Недоучитывать психологический момент, «момент восприятия», по моему убеждению, совершенно недопустимо. В самом деле, прошло только десять лет с того времени, как Православная Церковь перестала называться главной конфессией Империи, а ее право на монопольное «оказательство веры» (религиозную пропаганду) — охраняться законом. За этот сравнительно небольшой срок невозможно было «забыть» прежнего. Революция и гражданская война только обострили чувства верующих, вынужденных жить в государстве, открыто поставившем своей целью истребление любых религиозных представлений. Максимум, на что могло пойти подобное государство — это на создание «религиозной резервации», не имеющей существенного влияния на жизнь народа. К тому же «резервацию» легко контролировать.

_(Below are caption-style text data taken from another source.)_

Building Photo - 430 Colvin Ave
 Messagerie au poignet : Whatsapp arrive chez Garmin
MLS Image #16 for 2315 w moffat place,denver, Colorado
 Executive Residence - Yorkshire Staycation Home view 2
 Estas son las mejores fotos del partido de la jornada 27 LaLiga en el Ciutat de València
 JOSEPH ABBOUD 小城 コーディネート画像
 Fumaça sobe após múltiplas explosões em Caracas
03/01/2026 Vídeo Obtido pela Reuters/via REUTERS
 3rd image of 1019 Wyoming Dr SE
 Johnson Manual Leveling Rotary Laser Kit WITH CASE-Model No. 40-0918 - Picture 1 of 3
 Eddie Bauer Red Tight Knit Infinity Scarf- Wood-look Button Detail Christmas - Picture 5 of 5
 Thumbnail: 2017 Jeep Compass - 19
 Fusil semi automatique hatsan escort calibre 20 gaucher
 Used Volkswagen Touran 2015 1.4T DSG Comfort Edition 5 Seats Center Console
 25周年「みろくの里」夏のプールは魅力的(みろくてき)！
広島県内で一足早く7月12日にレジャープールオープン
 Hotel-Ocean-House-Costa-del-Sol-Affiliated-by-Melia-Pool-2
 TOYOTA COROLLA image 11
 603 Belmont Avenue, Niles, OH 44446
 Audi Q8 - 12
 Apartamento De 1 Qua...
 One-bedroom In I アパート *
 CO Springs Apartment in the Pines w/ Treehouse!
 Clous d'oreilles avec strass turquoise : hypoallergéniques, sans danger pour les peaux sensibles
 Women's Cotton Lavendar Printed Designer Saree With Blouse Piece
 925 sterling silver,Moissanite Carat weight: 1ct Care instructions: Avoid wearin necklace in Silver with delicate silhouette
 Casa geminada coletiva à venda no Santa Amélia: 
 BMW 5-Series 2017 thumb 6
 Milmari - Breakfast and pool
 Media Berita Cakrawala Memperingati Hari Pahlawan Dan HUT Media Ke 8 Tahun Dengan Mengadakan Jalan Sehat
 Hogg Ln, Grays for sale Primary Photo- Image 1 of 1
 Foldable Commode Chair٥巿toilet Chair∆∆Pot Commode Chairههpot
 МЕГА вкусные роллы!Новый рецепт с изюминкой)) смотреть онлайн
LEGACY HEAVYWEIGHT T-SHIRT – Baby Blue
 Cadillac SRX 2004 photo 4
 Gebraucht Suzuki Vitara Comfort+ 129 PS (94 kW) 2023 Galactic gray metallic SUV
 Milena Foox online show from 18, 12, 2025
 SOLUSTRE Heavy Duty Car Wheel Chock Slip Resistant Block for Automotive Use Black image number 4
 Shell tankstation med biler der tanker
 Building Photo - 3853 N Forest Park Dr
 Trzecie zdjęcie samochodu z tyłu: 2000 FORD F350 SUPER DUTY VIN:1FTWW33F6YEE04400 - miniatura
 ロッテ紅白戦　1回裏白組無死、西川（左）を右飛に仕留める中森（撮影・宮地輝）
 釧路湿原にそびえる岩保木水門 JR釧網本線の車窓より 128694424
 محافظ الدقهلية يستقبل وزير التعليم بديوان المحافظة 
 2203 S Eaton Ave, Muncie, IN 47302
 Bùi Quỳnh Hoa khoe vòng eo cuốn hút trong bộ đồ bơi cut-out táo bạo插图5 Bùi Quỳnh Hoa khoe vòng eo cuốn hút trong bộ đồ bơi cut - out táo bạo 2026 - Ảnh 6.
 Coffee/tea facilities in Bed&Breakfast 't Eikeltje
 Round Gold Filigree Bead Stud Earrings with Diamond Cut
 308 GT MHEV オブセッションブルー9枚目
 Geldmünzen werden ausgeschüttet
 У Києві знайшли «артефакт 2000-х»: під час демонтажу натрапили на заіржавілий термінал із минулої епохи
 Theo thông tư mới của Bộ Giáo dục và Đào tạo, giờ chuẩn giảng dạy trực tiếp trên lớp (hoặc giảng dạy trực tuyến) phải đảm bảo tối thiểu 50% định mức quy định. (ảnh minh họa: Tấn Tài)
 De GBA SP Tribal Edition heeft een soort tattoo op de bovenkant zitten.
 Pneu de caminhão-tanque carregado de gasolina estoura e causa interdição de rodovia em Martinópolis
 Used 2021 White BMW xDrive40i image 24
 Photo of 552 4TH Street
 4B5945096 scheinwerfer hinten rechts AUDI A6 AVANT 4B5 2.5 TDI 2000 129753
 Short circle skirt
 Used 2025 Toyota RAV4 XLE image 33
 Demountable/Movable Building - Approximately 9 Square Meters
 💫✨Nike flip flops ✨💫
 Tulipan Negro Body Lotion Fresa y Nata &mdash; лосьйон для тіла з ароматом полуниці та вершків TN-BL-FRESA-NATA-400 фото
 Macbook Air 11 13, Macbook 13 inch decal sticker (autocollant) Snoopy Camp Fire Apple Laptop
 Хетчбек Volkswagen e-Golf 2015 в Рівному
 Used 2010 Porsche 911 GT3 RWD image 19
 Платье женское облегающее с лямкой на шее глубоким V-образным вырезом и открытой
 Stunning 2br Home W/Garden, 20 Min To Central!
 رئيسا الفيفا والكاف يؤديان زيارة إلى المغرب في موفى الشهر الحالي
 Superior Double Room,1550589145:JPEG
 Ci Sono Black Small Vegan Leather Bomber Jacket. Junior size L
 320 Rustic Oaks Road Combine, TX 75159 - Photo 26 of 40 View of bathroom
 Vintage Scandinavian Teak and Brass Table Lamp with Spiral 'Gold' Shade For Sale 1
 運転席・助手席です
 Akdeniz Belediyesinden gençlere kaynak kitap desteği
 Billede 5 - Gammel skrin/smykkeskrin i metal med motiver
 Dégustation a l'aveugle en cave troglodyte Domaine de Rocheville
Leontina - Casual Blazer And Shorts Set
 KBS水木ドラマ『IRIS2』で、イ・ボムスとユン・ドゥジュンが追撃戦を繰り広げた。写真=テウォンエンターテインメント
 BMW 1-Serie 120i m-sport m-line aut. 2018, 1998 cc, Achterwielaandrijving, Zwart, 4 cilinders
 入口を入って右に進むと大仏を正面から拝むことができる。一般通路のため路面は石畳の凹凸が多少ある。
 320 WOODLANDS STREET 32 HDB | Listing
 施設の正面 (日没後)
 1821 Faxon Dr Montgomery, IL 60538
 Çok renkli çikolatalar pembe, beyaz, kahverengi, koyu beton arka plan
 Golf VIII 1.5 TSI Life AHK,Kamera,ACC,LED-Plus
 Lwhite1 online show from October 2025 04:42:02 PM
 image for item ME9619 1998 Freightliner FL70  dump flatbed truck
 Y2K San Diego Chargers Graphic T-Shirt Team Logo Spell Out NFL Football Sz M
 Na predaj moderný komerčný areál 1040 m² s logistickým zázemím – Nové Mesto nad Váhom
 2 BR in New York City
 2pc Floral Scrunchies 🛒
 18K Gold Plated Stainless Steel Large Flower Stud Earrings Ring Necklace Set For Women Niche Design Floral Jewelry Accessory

Не будет преувеличением сказать, что митрополит Сергий смотрел на проблему по-иному, стремясь переубедить безбожные власти, доказав им полезность лояльной Православной Церкви в социалистическом государстве. Иначе говоря, он надеялся, что старые синодальные традиции в новых условиях окажутся полезными даже для безбожной власти. Ну нельзя же загнать в резервацию миллионы верующих, это же абсурдная задача! История доказала, что власть так не считала, предпочитая постепенно уничтожать всех своих идейных врагов. «Декларация» на практике оказалась своеобразным разрешением на создание «религиозной резервации», своеобразным «входным билетом», дававшим право занять в новом обществе легальные места. За это требовалось признать безбожную власть в том объеме, в котором она сама сочтет нужным. Чуткие к делам веры православные сразу же оценили грозящую опасность. К тому же в условиях непрекращавшихся гонений попытка сблизиться с безбожным государством означала также согласование принципиальных внутрицерковных решений с «кураторами» из ОГПУ (тогда — с Е. А. Тучковым). Поэтому отмежевание от митрополита Сергия во многих случаях было прежде всего психологически оправдано.
Неслучайно, думается, что, исследуя появление расколов и различных группировок, возникших в связи с опубликованием в 1927 г. «Декларации», митрополит Иоанн (Снычев) специально рассматривает не только исторические и канонические, но и психологические причины этого. Владыка справедливо увязывает недоверие верующих к власти с действиями последней, не забывая подчеркнуть, что «их внутреннее беспокойство еще более усилилось, когда на арену церковной жизни всплыло обновленчество, заявившее во всеуслышание о своей лояльности к Советской власти и объявившее свою Церковь демократической». «Дело обновленцев, — пишет митрополит, — так ярко нарушавшее догматическое учение Православной Церкви и церковные каноны, настолько тесно соприкасалось с направлением нового государственного строя, что некоторые православные иерархи и рядовые пастыри, а в большей степени простой народ, стали отождествлять сближение с гражданской властью с изменой Православию»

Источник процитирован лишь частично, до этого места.